Ik ken een voorbeeld van een docent met een dubbel doctoraal en een doctoraat die bevoegd was tot het geven van het vak filosofie op het hbo, maar dat vak niet mocht geven in het middelbaar onderwijs, omdat daarvoor volgens de inspectie een speciaal didactisch traject diende te worden doorlopen. De bewuste docent werd ondanks ruim 25 jaar ervaring wel bekwaam geacht, maar werd niet bevoegd verklaard. Tegen deze terreur van de overheid maak ik overwegend bezwaar.
Goed opgeleide docenten in het middelbaar onderwijs worden schaarser. Nieuwe leraren zijn volgens Plasterk anders geschoold, zij hebben minder vakkennis en zijn meer begeleiders van het leerproces. In de tijd dat minister Plasterk columns schreef, hadden hooggeschoolde docenten zijn voorkeur. Van hen had hij het meeste geleerd.
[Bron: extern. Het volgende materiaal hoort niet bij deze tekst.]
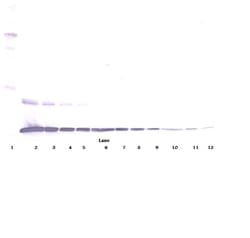 Invitrogen TNF alpha Polyclonal Antibody, PeproTech , Invitrogen 100 &mu;g;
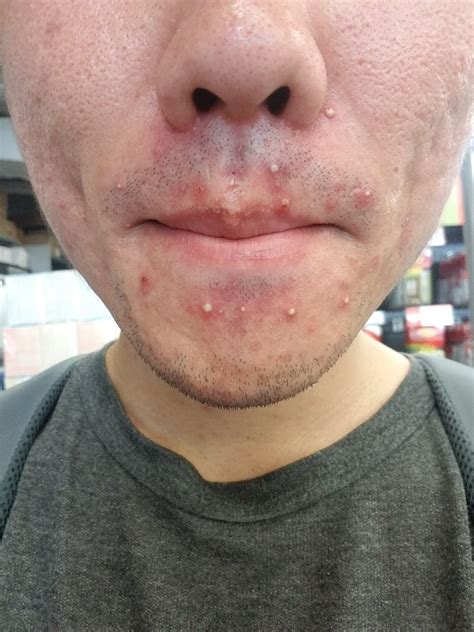 Hormonal Acne Around Mouth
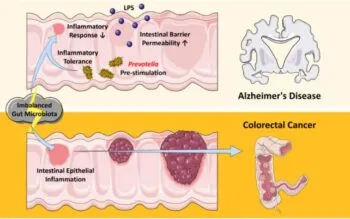 Alzheimer Hastalarının Neden Kansere Daha Az Yakalandığı Bulundu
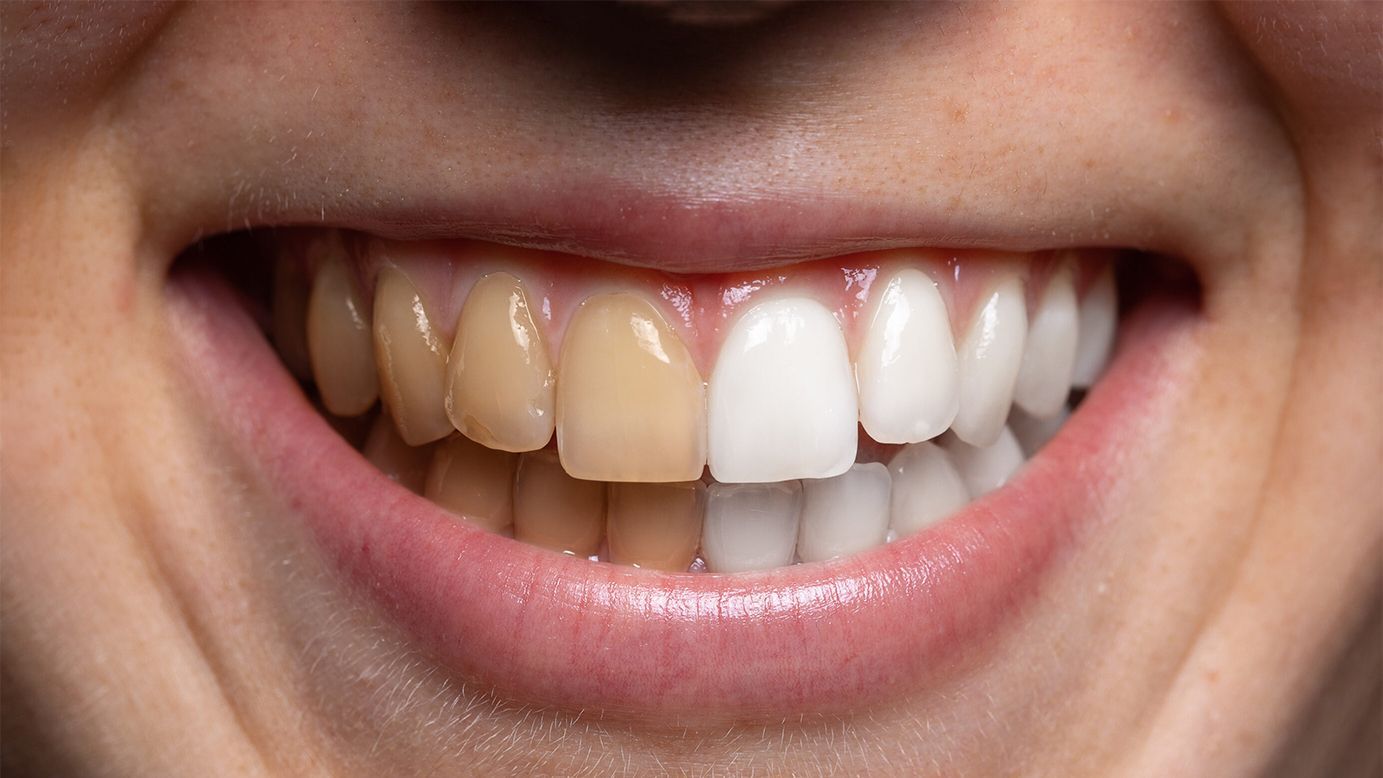 How To Remove Coffee Stains From Teeth?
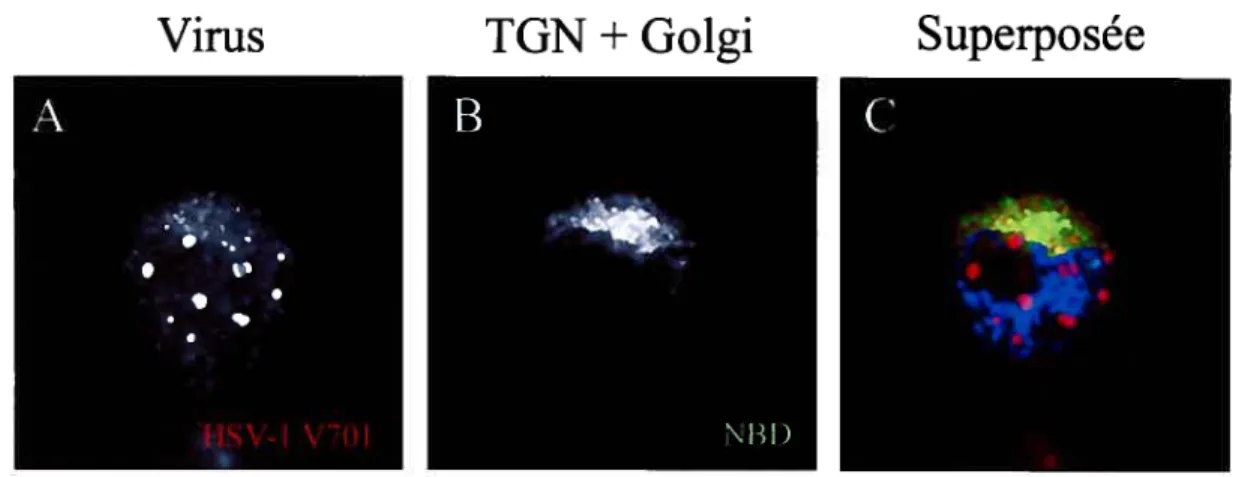 Figure 12: Colocalisation des capsides avec un second marqueur du TGN, le NBD. Les cellules 143B ont été infectées avec le virus HSV-1 V701 pour 7h à 39°C suivi de 6h à 20°C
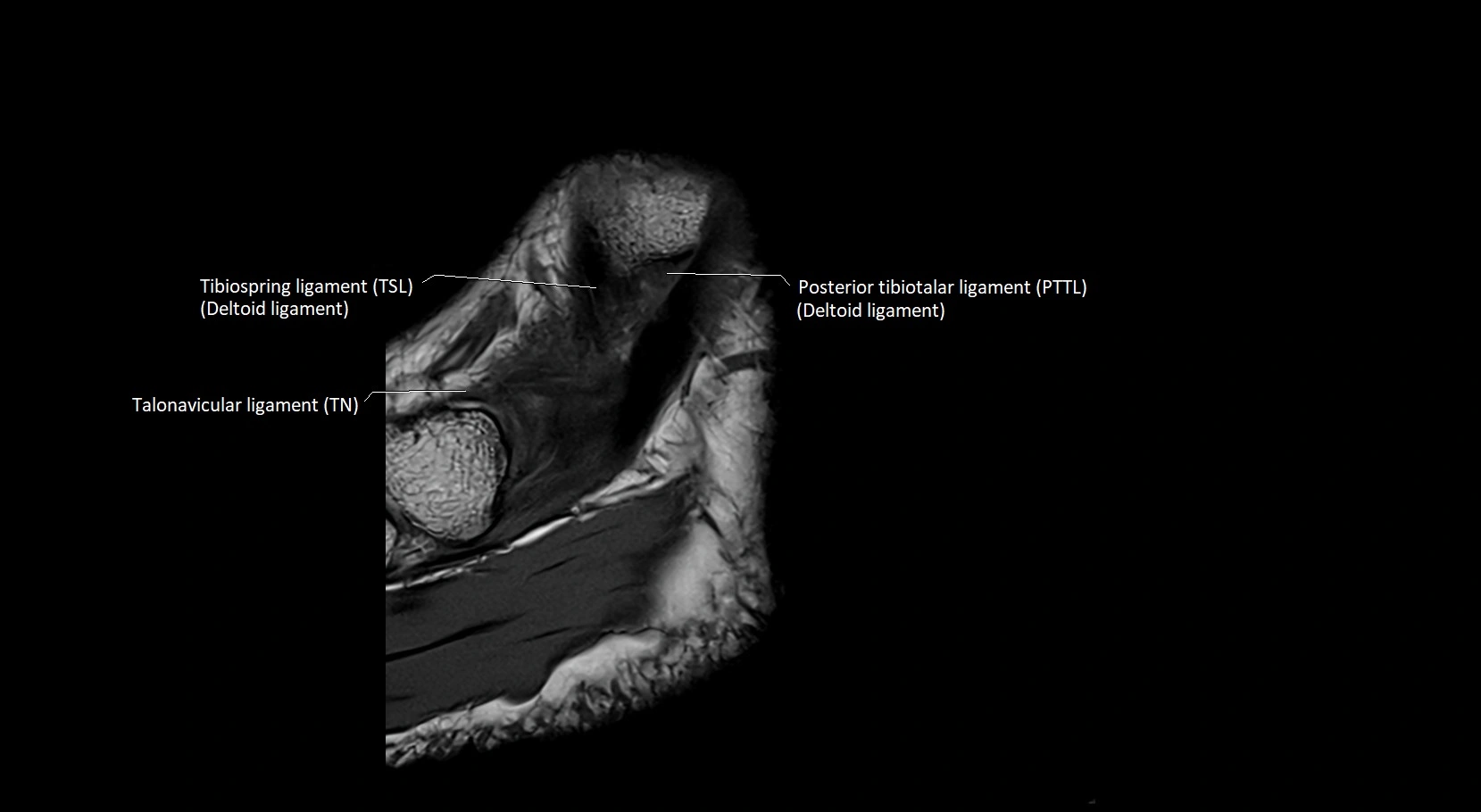 MRI ankle ligaments anatomy sagittal 3T image 2.webp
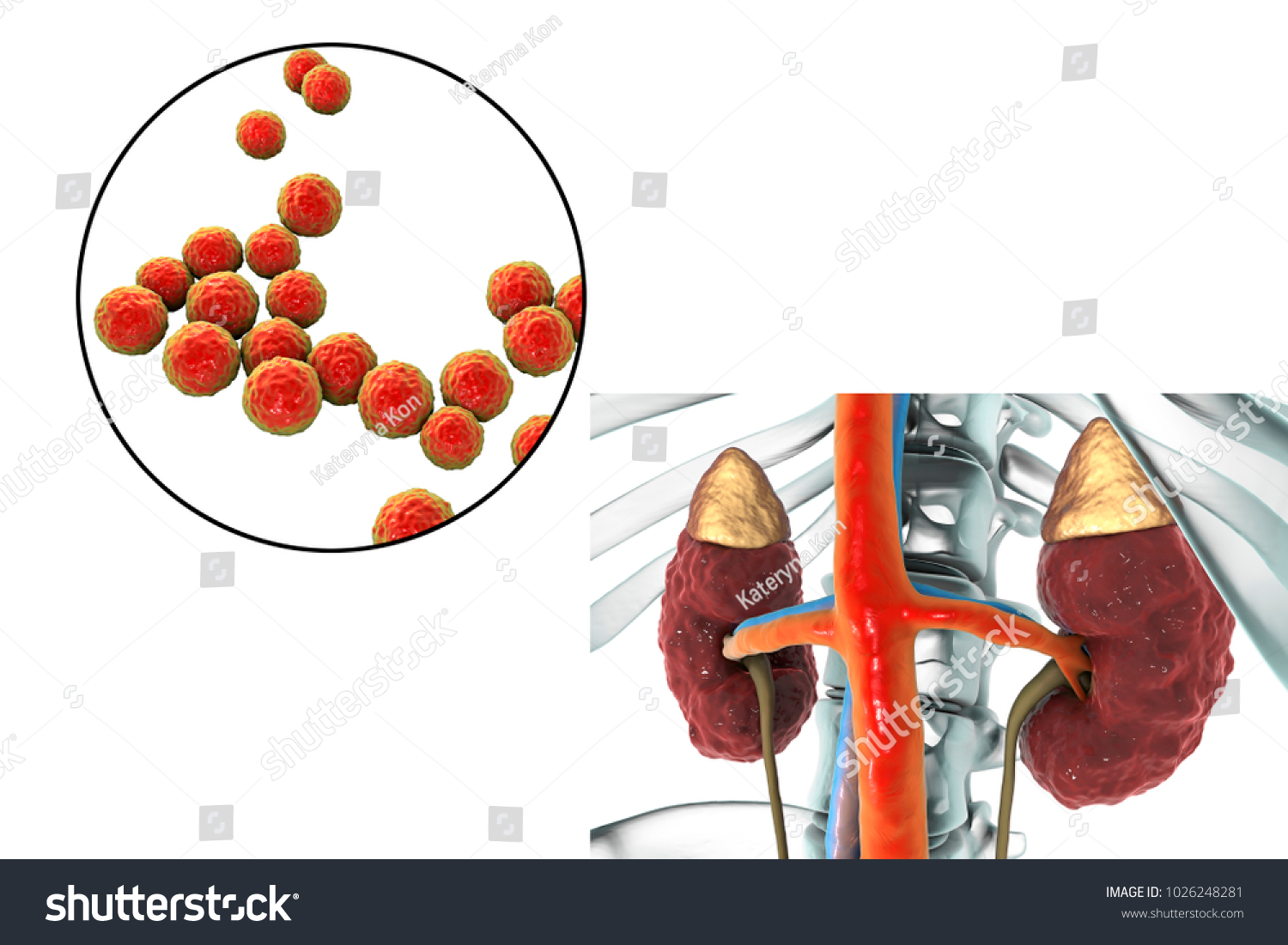 Pyelonephritis Medical Concept Closeup View Bacteria Stock Illustration ...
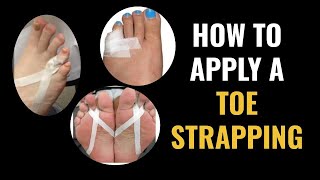 How Do I Do Toe Strapping Dislocated and Fractured Toe [upl. by Rebekkah]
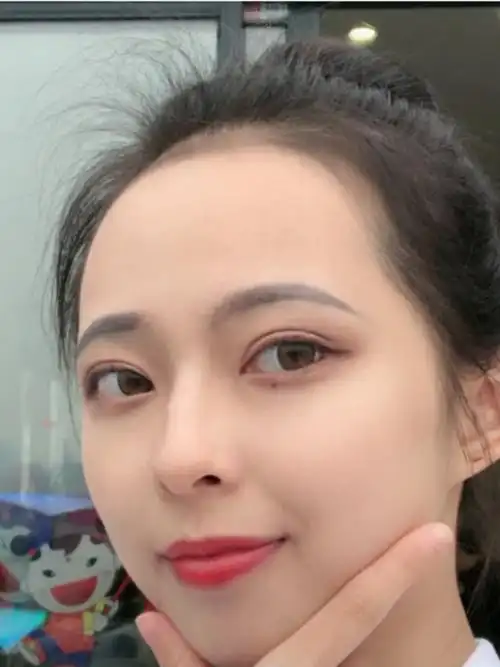 双眼皮完全自然要多久 双眼皮完全自然要多久才能恢复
Nu hij zelf aan het roer staat, is zijn koers minder vast. Hij wil af van het lerarentekort, maar wil hoogopgeleide docenten niet beter belonen en oudere docenten moeten wel langer werken. Wie naast zijn werk een universitaire opleiding gaat volgen, wordt beloond. Gezien de werkdruk zal de nieuwe docent daar niet snel voor kiezen. Door hooggeschoolden onvoldoende naar waarde te schatten, bereikt Plasterk mijns inziens geen kwaliteitsverbetering.
Op tijd
Waar de schoen wringt, grijpt Plasterk niet in. Het onderwijs heeft echter dringend behoefte aan een minister die scholen op de vingers tikt als een docent met klassen van 37 leerlingen wordt opgezadeld. Iemand die afrekent met het suffe imago van de lesboer die werkt in een leerfabriek. Iemand die kwaliteit centraal stelt en die leraren hun respectabele status van leermeesters teruggeeft. Dan komen ook de leerlingen op tijd tot hun recht.
De auteur is docent Nederlands en filosofie aan CSG Het Streek te Ede.